Illicit Fentanyl Trafficking: Shipping Companies’ Hidden Time Bomb

Shipping companies can take pre-emptive measures.

The emergence of illicit fentanyl and related substances has the potential to be a major challenge for the maritime industry.  

By Lee Kok Leong, Executive Editor, Maritime Fairtrade

Illicit fentanyl, one of the world’s deadliest and most profitable narcotics, and the transnational criminal organizations who traffic them, are a threat to public health, law enforcement and national security, as well as to the shipping companies who may unknowingly transport such illicit drugs but nevertheless are liable to suffer legal prosecution, financial and reputational damages.  

In recent years, fentanyl, which is up to 100 times stronger than morphine, is a leading cause of overdoses.  With greater global awareness and concern regarding the increasing fentanyl-related deaths, the maritime supply chains, which are one of the key routes for drug traffickers, are likely, sooner or later, to encounter governmental scrutiny over security protocols.  

Before the authority steps in and before an incident happens that can blow up to be a public relations crisis, the maritime industry should therefore be aware and take a serious view of this problem, educate all the relevant personnel and proactively implement the necessary measures to prevent being unwittingly used as an accomplice.

Fentanyl is a synthetic opioid approved for legitimate use as a painkiller and anesthetic.  However, the drug’s extremely strong opioid properties make it an attractive choice for drug abuse for both heroin and prescription opioid users.  In the U.S., fentanyl addiction has become a prolonged epidemic, and the Centers for Disease Control estimated that around 69,710 people died of an opioid overdose in 2020.  

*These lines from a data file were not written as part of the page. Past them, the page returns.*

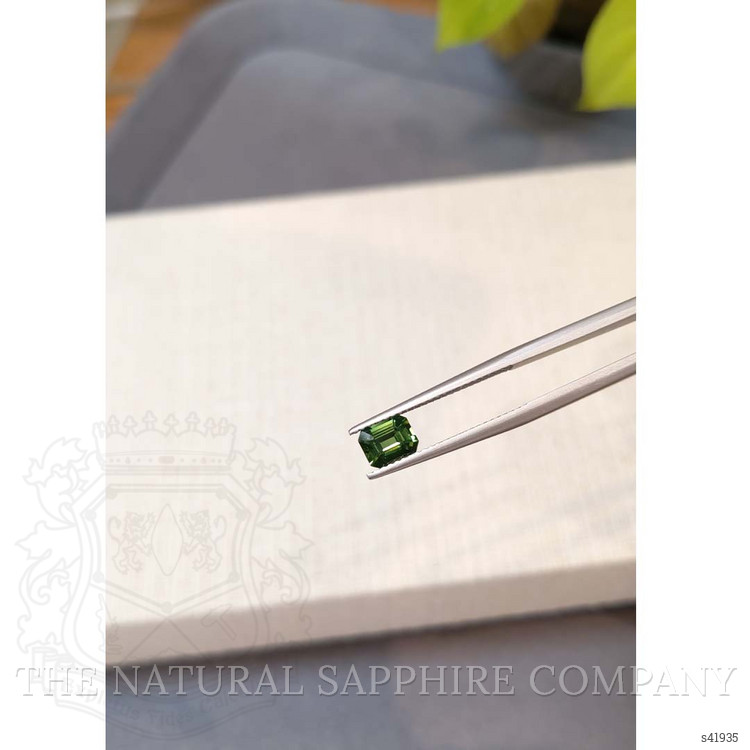 1.05 Ct. Green Sapphire from Ceylon (Sri Lanka)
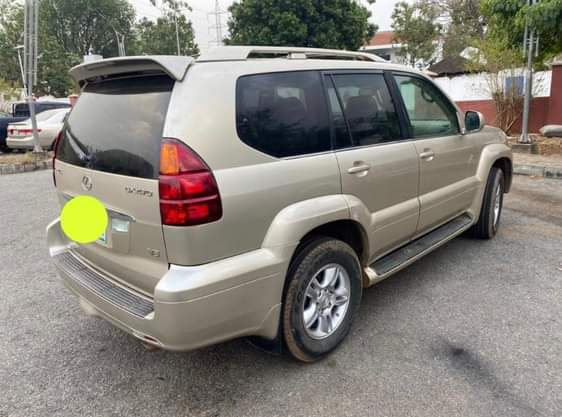 A picture of SHARP DEAL TO GRAB LOCATION ABUJA Very clean Lexus GX470
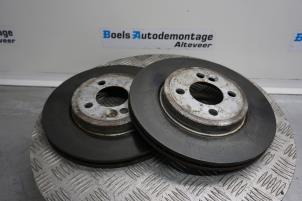 Used Front brake disc Mini Mini (R56) 1.6 16V Cooper Price € 25,00 Margin scheme offered by Boels Autodemontage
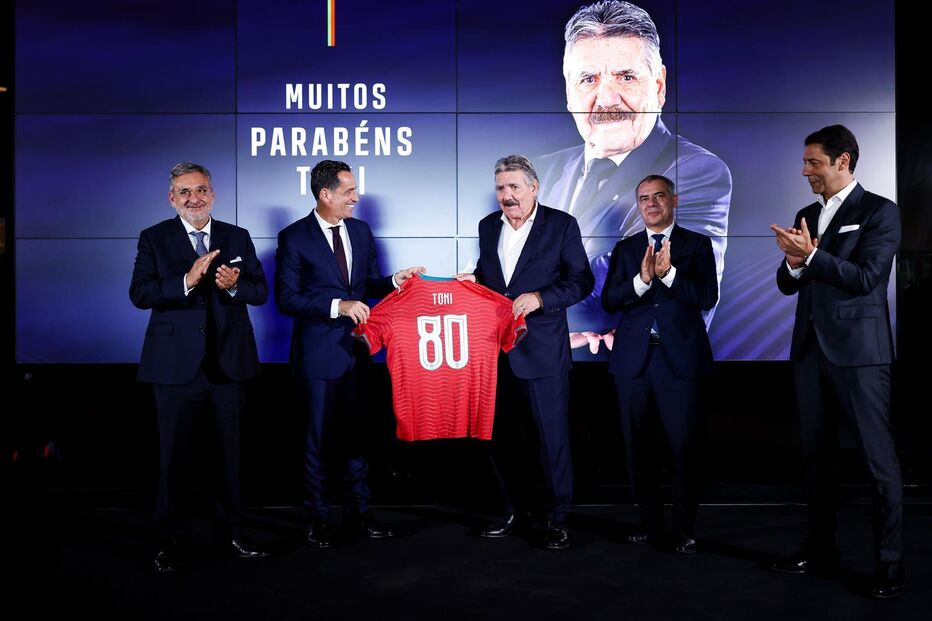 Toni faz 80 anos e recebe camisola da FPF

For years, illicit fentanyl has swept through North America, and now, there are also signs that it has reached the shores of Southeast Asia.  There are indications of mass production in Myanmar’s Shan State for distribution to the wider region.  Also, illicit fentanyl was seized in Singapore for the first time on March 1.

Easy to make, easy to hide

Chinese chemical and pharmaceutical companies are producing the majority of illicit fentanyl and precursors, and even Mexican drug cartels are buying precursors from them.  Fentanyl, synthesized in labs entirely from chemicals, can be easily produced in small, clandestine spaces with only rudimentary equipment. 

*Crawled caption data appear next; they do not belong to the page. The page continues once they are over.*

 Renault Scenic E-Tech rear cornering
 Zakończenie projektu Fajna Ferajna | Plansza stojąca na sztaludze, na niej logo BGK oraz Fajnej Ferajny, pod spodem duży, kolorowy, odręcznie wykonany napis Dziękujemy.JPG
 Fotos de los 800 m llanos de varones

Using precursors made in China, the Mexican cartels can begin manufacturing and distributing their own fentanyl products.  In this partnership, the role of the Chinese companies is to send precursor chemicals directly to the Mexican cartels for them to produce fentanyl in clandestine labs.  Intelligence also suggested that the cartels buy fentanyl from China, as it is much more pure and thus potent, adulterate it and then sell it.  Both the illicitly produced fentanyl, in powder or pill form, from China and Mexico is trafficked into North America.

Exploitation of global shipping infrastructure

Fentanyl and all related products are trafficked into the U.S. and other countries by two primary methods, i.e., send from Chinese suppliers via international mail or express consignment services.  The Chinese suppliers may also ship large volumes of illicit drugs and chemicals within legitimate bulk cargo or containers, effectively making use of the legal maritime trade infrastructure to hide their nefarious activities. 

The sheer volume of international maritime traffic, for example, approximately 750 million containers are shipped annually, coupled with the sophisticated and often ingenious concealment methods and complex routings adopted by the drug cartels, invariably makes successful law enforcement difficult.

To enable the import of precursors from China into Mexico, the control of the country’s Pacific Coast ports is of key importance to the drug cartels.  For example, U.S. intelligence indicates that the Sinaloa Cartel is active in many Northern Pacific ports, while the Jalisco New Generation Cartel is active in several Southern Pacific ports.  Also, this control is important for the cartels because Mexico continues to be a major transit country for illicit fentanyl, as well as a source country for illicit fentanyl and fentanyl-laced falsified tablets destined for the U.S.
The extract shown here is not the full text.